Patients with endocarditis from IV drug use were more likely than other patients to be homeless, unemployed and uninsured.
“Patients who are known IV drug users who have endocarditis should be more carefully screened for symptoms of cardiovascular disease,” said the study’s corresponding author Shahid M. Nimjee, M.D., Ph.D., associate professor of neurosurgery and surgical director of the Comprehensive Stroke Center at Ohio State University Wexner Medical Center in Columbus, Ohio.
“The wider societal impact of the opioid epidemic is not well understood,” Nimjee said. “Our research suggests that the impact of the opioid epidemic is far-reaching and contributes to increased costs in the criminal justice, health care systems and the workplace.
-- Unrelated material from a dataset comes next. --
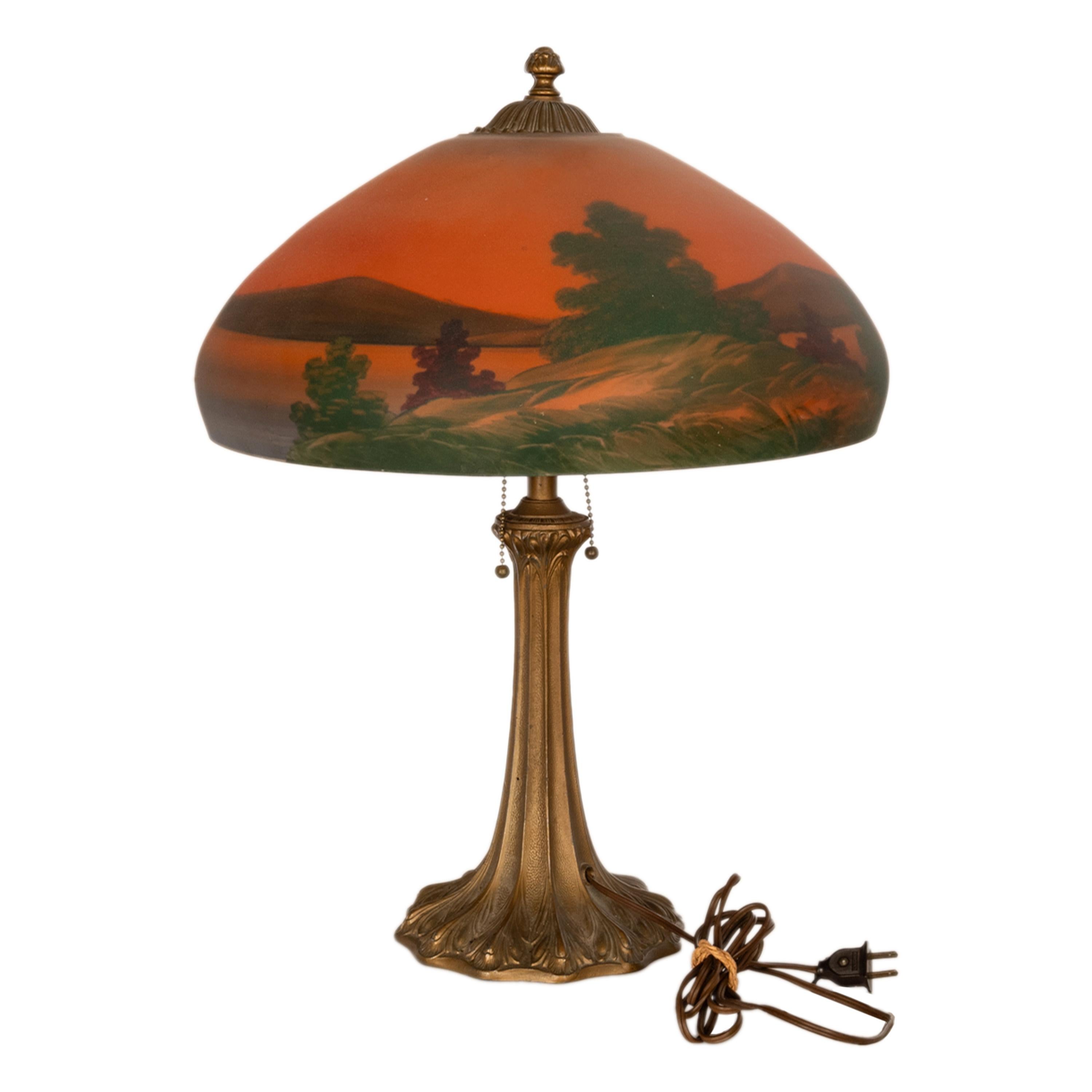 Antique American Pittsburgh Reverse Painted Glass Bronze Table Lamp Signed 1920 5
The increased costs can be particularly substantial for stroke care.”
Medical costs were more than two times higher among patients with endocarditis from IV drug use than among those with endocarditis from other causes. This translated into a difference of more than $100,000 in health care costs during admission per patient, Nimjee noted.
The study did not control for other factors that could have affected stroke risk, and it included patients from only one hospital, therefore, the findings may not apply to other groups of patients.